WASHINGTON—Los Angeles Mayor Antonio Villaraigosa, who increased his national profile in September when he chaired the Democratic National Convention, is turning his sights to Washington, D.C.
Nearing the end of his final term as mayor of the largest city in the West, Villaraigosa, days before his 60th birthday, is openly talking about a next move—though he won't say what the move will be.
"With each passing week I take another step toward the transition from 'Who's Who' to 'Who's He?'" Villaraigosa joked during a luncheon at the National Press Club on Monday, where he spoke about immigration reform. "The sun may be setting on my administration, but I'm not riding off into the sunset just yet."
As a charismatic mayor with a growing national presence—and an impressive resume that includes leading the United States Conference of Mayors and working as an adviser and surrogate for President Barack Obama—Villaraigosa has a range of options ahead of him. He has openly expressed interest in becoming the next governor of California and is rumored to be a contender to join Obama's Cabinet.
When pressed about his future, however, the traditionally eloquent veteran politician melts into a nervous, stuttering mess.
"I expect to be in Washington quite frequently over the next few months," he said during the luncheon when asked if he would accept a job in the Obama administration. "I can't tell you. I don't care to comment on any future job. I'm focused on the job I got, and I want to finish as strong as I can on the challenges that we face."
Then, without any prompting, Villaraigosa changed the subject by rattling off a stream of random facts about Los Angeles, such as, "Did you know my city's safer than any time since 1952?"
Of course, he wasn't there to discuss his own personal plans. Rather, the mayor was there to talk about immigration reform, calling for an immediate overhaul of the nation's laws and a path to citizenship for millions who have entered the country illegally.
"No human being is illegal. No human being should be illegal. We must enshrine this principle in the heart and soul of this country's immigration policy," he said. "That is our moral imperative. That is our political challenge. And 2013 is our time."

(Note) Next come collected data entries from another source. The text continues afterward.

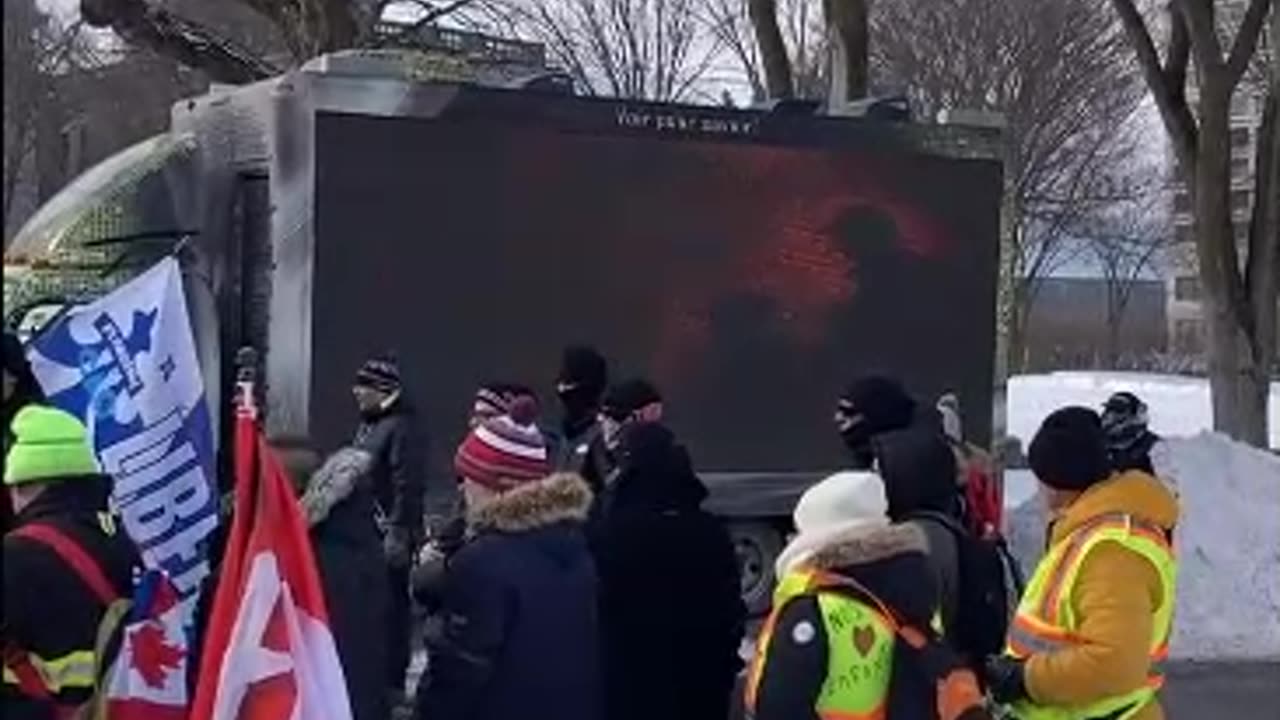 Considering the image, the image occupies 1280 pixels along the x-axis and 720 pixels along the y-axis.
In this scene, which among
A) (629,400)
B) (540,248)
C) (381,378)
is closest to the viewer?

Villaraigosa called for a bill that requires the undocumented to pay back taxes, pass a background check and prove sufficiency in English before receiving citizenship. He wants employers to use an identification system to undercut the under-the-table hiring system used throughout the country today. He said immigration enforcement agents should focus on violent criminals and give those who have not been through the criminal justice system an opportunity to become citizens.
On the topic of working with Republicans to achieve this goal, Villaraigosa pointed to polls after the November election that showed Latinos voting in record numbers for Democrats, a fact he said could move the other party toward a deal on immigration.
"I gotta think that has something to do with all the scapegoating, with the name calling, with the vitriolic nature of the immigration debate, particularly in the Republican primaries," he said. He later added: "What we saw is a seminal shift in the electorate, and if the Republicans don't go to the center, they continue to be dominated by the far right. You're going to see them lose more and more market share."
Granted, Republicans aren't sitting on their hands when it comes to immigration reform. Florida Republican Sen. Marco Rubio is working on a proposal to "modernize" the immigration system that could serve as a starting point for talks between the parties. And a handful of Republicans are currently participating in bipartisan talks for a bill that Obama wants to see passed by the summer.
Whether Villaraigosa plays a role in shaping that future when he steps down as mayor in six months still remains to be seen. But from the looks of things, he sure seems to want it.